In 2026, some Americans may see significant increase in tax refunds.

Due to the provisions of President Trump’s “Big and Beautiful Bill” (OBBBA) passed in July and the double impact of the IRS not updating the withholding tax tables, some American taxpayers will receive higher tax refunds in 2026, especially the wealthy.

According to a report analyzed by Nancy Vanden Houten, Chief Economist of the Oxford Economic Research Institute, cited by Newsweek, the IRS was supposed to update the withholding tax tables to comply with the new law. However, due to administrative delays, they were unable to retroactively apply the new regulations to early 2025. This could lead to an additional $50 billion in total tax refunds for taxpayers in 2026.

The tax relief provisions of the new OBBBA law have retrospective effect, starting from January 1, 2025. Despite the passage of OBBBA in July, employers continued to calculate employee withholding taxes at the higher rates throughout 2025. This resulted in over-withholding federal income tax from employee salaries, leading to situations of “excess refund” when taxpayers file in 2026.

According to IRS data, if taxpayers see a $50 billion increase in refunds, it would represent an 11% rise from the $2.75 trillion federal refund total in 2024.

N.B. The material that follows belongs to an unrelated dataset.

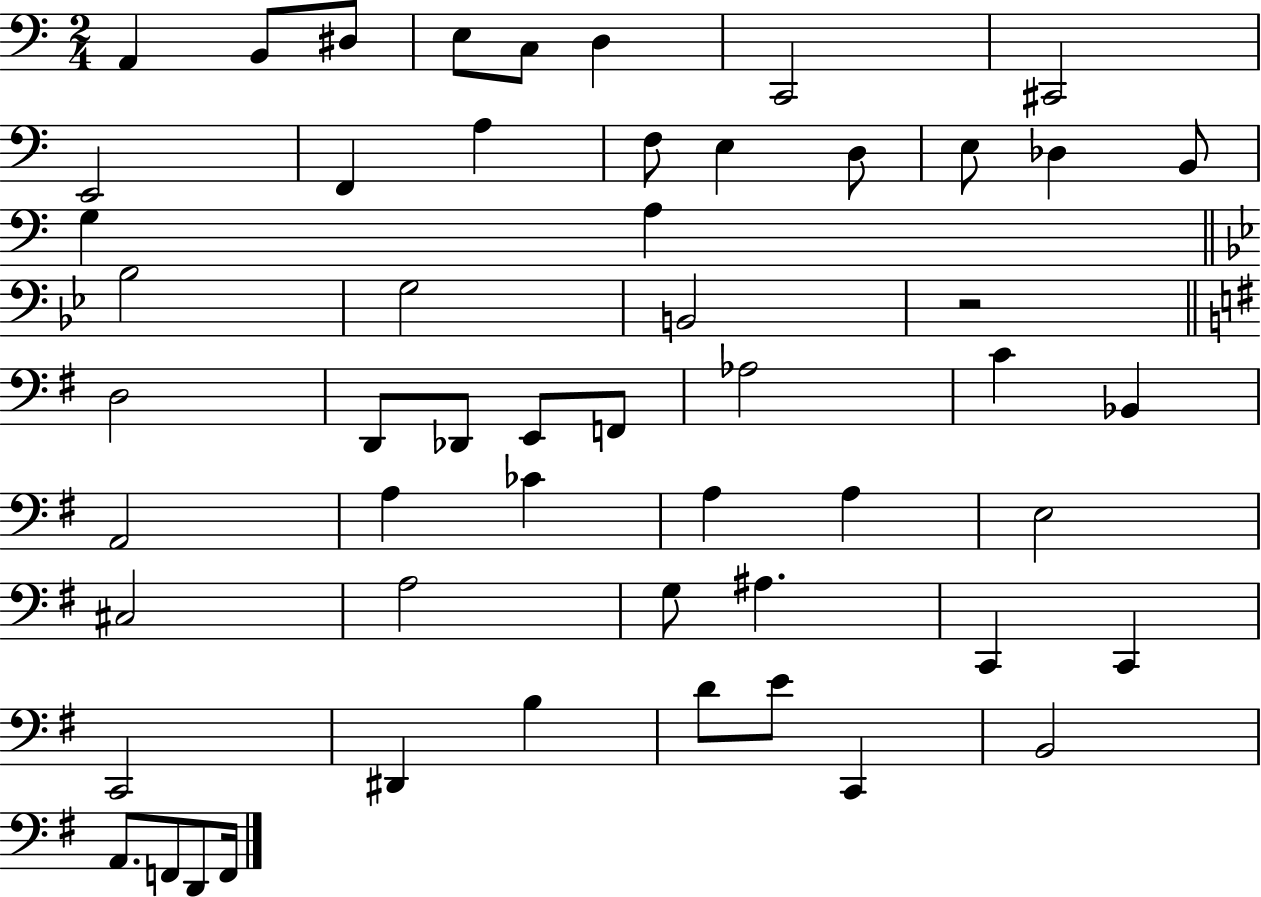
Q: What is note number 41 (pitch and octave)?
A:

Individual refund amounts will vary based on their annual household income.

The Oxford Economic Report shows that the amount of tax refunds for Americans varies by income bracket. For instance, higher-income earners with annual incomes between $66,801 and $119,200 could see a refund of $1,780, while the top tier earning over $5.18 million could save $286,440.

For the lowest income bracket earning below $34,000 annually, the average refund amount is $150.

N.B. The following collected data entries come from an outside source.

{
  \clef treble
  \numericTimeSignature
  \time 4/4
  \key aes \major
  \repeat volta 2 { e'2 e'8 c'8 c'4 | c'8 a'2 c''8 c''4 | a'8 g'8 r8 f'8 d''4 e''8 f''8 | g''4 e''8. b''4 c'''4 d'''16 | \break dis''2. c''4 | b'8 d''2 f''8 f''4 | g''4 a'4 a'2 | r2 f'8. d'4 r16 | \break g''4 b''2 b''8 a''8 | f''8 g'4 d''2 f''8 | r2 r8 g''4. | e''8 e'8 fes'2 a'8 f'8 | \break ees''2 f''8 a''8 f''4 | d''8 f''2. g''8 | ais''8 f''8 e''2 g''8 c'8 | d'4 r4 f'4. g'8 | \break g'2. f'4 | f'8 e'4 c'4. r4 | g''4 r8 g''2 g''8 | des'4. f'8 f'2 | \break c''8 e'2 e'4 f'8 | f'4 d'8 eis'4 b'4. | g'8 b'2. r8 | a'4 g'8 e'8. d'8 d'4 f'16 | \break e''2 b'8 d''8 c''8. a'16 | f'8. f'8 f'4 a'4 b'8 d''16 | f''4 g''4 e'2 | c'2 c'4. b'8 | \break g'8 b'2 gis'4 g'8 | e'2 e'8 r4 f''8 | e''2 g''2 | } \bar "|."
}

According to Newsweek, the “Big and Beautiful Bill” raises the cap on State And Local Taxes (SALT) deductions from $10,000 to $40,000, primarily benefiting wealthier Americans.

President Trump’s “Big and Beautiful Bill” not only extends the multitrillion-dollar tax cut policy from 2017 but also introduces new provisions for overtime pay, tip income, and deductions related to State And Local Taxes (SALT).